The evacuation of chips is often complicated by even more significant heat generation. Particularly, when the flutes are partially or completely clogged, many chips often do not end up being exposed to the cooling liquid, thereby resulting in high friction and very high chip temperatures; as such, the extra heat generated thereby is transferred to the cutting surfaces. Accordingly, thermal cracking is liable to develop at the cutting edges, along with other types of wear deriving from excessive temperature variations caused by intermittent machining and an unreliable (e.g., fluctuating) supply of cooling liquid.
Based at least on the foregoing, it is recognized that it would be desirable to provide a structure within the flutes themselves that could help significantly reduce the thermal load to which cutting edges and flute surfaces are exposed.
U.S. Pat. No. 5,509,761 discloses a drill having a plurality of grooves that extend in the chip-discharging direction and are formed in an inner surface portion of each chip-discharging flute. This ensures a smoother discharge of chips by reducing the area of contact between the inner surface portion and the chips flowing therealong; consequently, this reduces the friction acting between such elements.
However, U.S. Pat.

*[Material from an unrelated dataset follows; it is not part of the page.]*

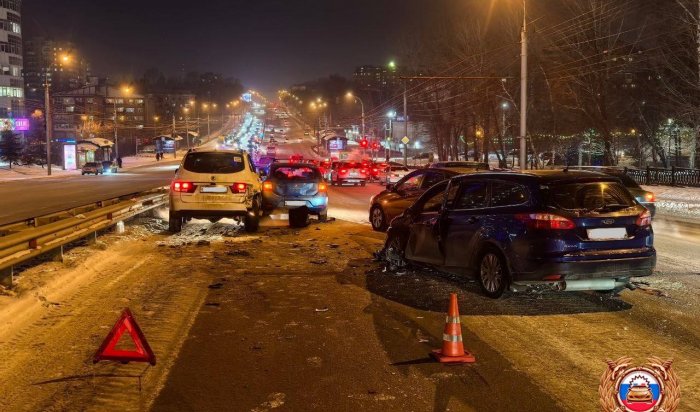 Пять машин столкнулись на улице Байкальской в Иркутске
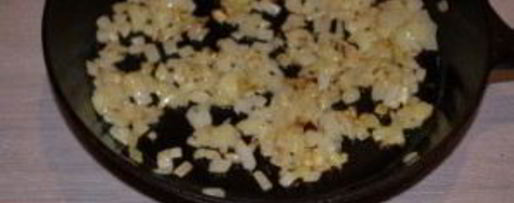 Шаг 3: солянки с курицей и колбасой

No. 5,509,761 is not instructive for treating problems encountered in end mills or other cutting tools that are involved in peripheral cutting operations; there, the peripheral cutting edge of the flutes is instrumental in chip formation as well as being involved in end face cutting operations, while a drill bit (e.g., as in U.S. Pat. No. 5,509,761) participates in an end cutting operation only at its point angle.
Thus, the flutes of U.S. Pat. No. 5,509,761 are used only for chip evacuation and are not exposed to cutting-derived friction.
In connection with the above, it can be noted that the grooves in U.S. Pat. No. 5,509,761 would be highly incapable of significantly dissipating any heat generated by a tool during a cutting operation or from chips being evacuated; this would hold true even if cooling liquid were present. Thus, while the noted grooves may be intended to reduce friction during the discharge of chips, they are not at all configured for promoting heat dissipation. Additional drawbacks that would be encountered in that regard include, but are not limited to: weakening of the flute, to the extent that the grooves are positioned throughout the flute inner surface; and a prospective negligible dwelling time of cooling liquid within a groove, wherein any potential cooling ability is significantly diminished based on a relatively rapid flow of cooling liquid through the continuous and elongated grooves.